Mortality factors in infants with congenital diaphragmatic hernia: A systematic review.

Background: Congenital diaphragmatic hernia (CDH) is a malformation of the diaphragm accounting for 8% of all major congenital anomalies. Although many clinical factors of survival in children with CDH have been established, limited research exists on the role of sociodemographic and other factors. We aimed to systematically identify and summarize all available international literature, published from January 2000 to July 2017, evaluating specific mortality factors for children with prenatally diagnosed, isolated, left-sided CDH.

Methods: MEDLINE, PROSPERO, EMBASE, Scopus, The Cochrane Library databases, and the table of contents for the past 5 years for relevant journals were searched systematically. The risk factors of interest were as follows: birth weight, gestational age (GA) at diagnosis, GA at birth, infant sex, maternal age, ethnicity, socioeconomic status (SES), and plurality. The primary outcome measure was survival. Data were extracted on study design, study quality, participant data, and survival-related effect estimates.

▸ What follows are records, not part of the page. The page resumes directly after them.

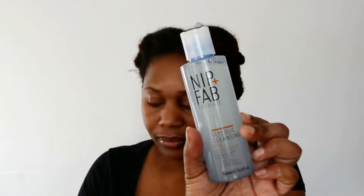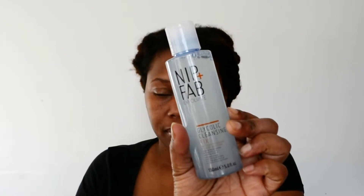The products I'll be featuring today are from Nip+Fab. I don't know how far they've reached across the world, but in the UK they do have it. I purchased mine from their website and some of them from Superdrug. The first product I'll be using is the Nip+Fab Exfoliate Glycolic Cleansing Fix.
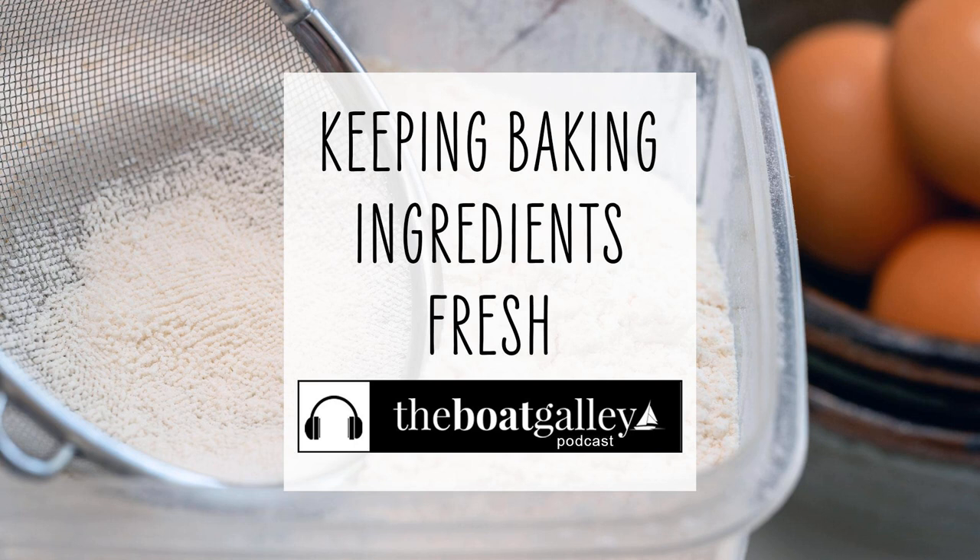The idea of storing baking ingredients on board can feel a little daunting, but there are just a couple of easy tricks that make it much easier to keep those baking supplies at your fingertips right when you need them. Hi, I'm Nika Waters and welcome to the Boat Galley podcast. I'm talking about storing baking supplies on a boat, thinking about things like the container, and also maybe where on the boat you actually put them.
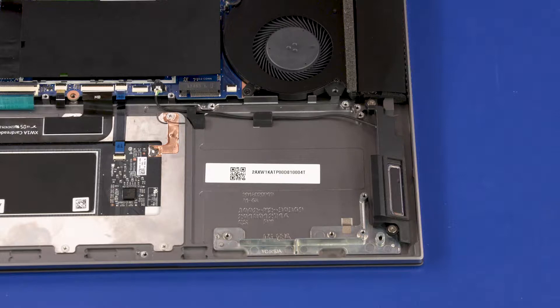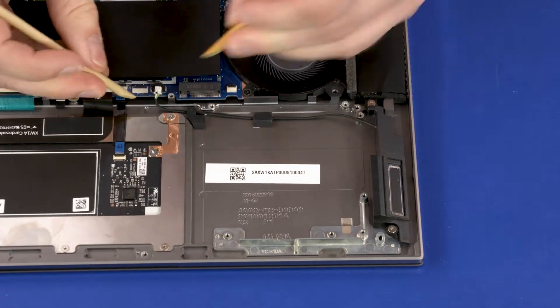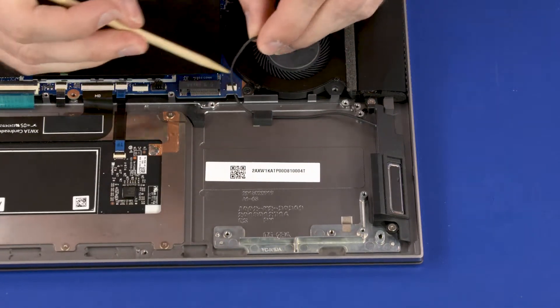Removal. Make careful note of the routing of the left front speaker cable for later replacement. Disconnect the left front speaker cable from the connector on the system board. Remove the left front speaker cable from the routing channel on the top cover.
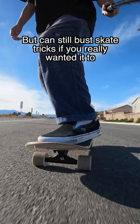Usually I just stick to riding around and carving. But if you had this setup, how would you skate it?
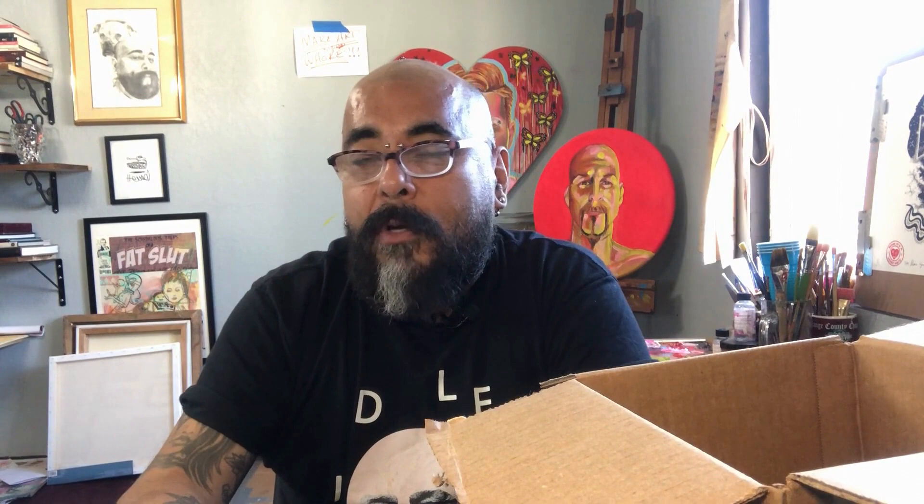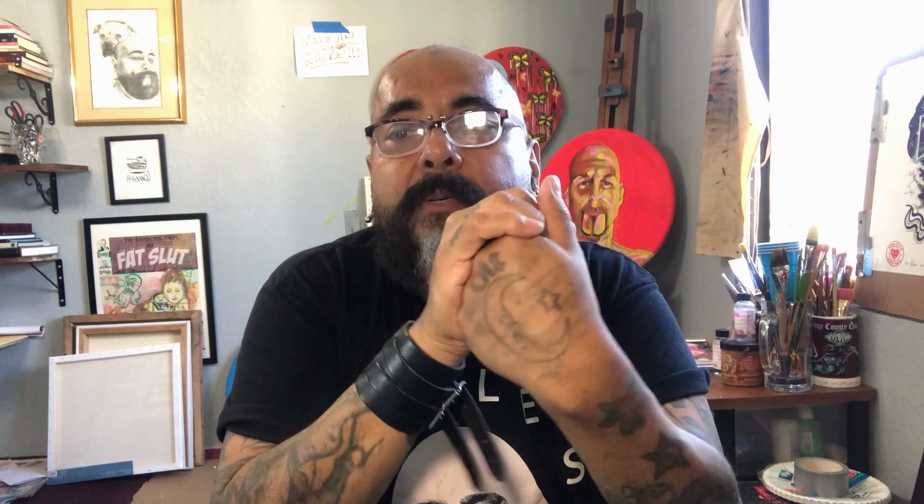I use several acrylic retarders — Nova Colors and also Golden's. I got two of them because I go through a lot. I normally pre-mix them 50-50, or depending on the consistency and desired effect within the paint. It helps to mix it sometimes with a bit of water — excellent.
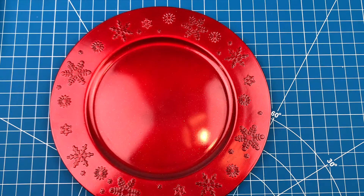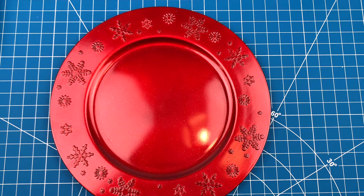Start off with one of these oversized charger plates. I have also seen this done on a cutting board or on a smaller plate. Just make sure to choose something large enough so that everything will actually fit on it.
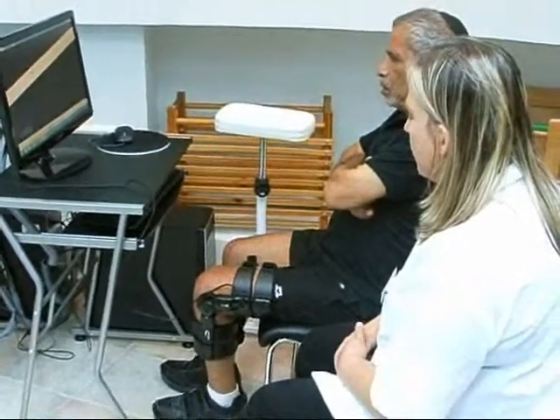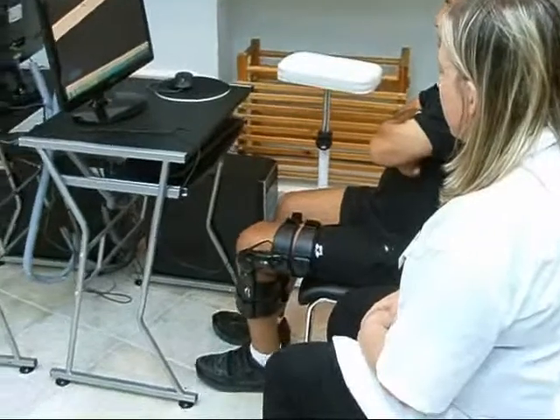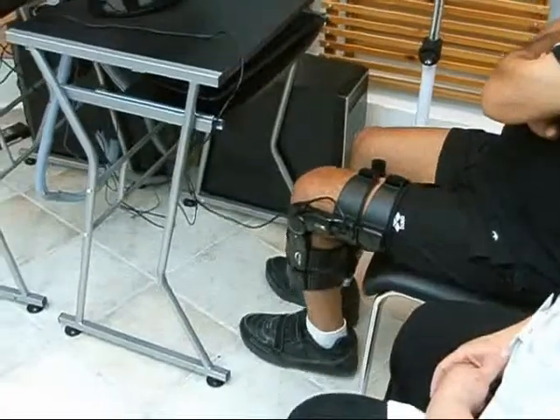The Leg Tutor is a wearable movement detection and motion feedback device that can sense knee extension and flexion as well as hip three-directional movement.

Results: Seven studies fulfilled the inclusion criteria. In total, 347 children were included in the review. Birth weight, GA at diagnosis, and GA at birth were evaluated in five studies each, infant sex in two, and maternal age in one. None of these factors were significantly associated with survival. No studies evaluated the influence of plurality, ethnicity or SES.

Conclusion: Although the factors of interest showed no significant association with survival, more evidence is required to confirm these findings. Understanding whether sociodemographic factors are associated with survival may help inform the development of public health interventions to improve survival rates for children with CDH.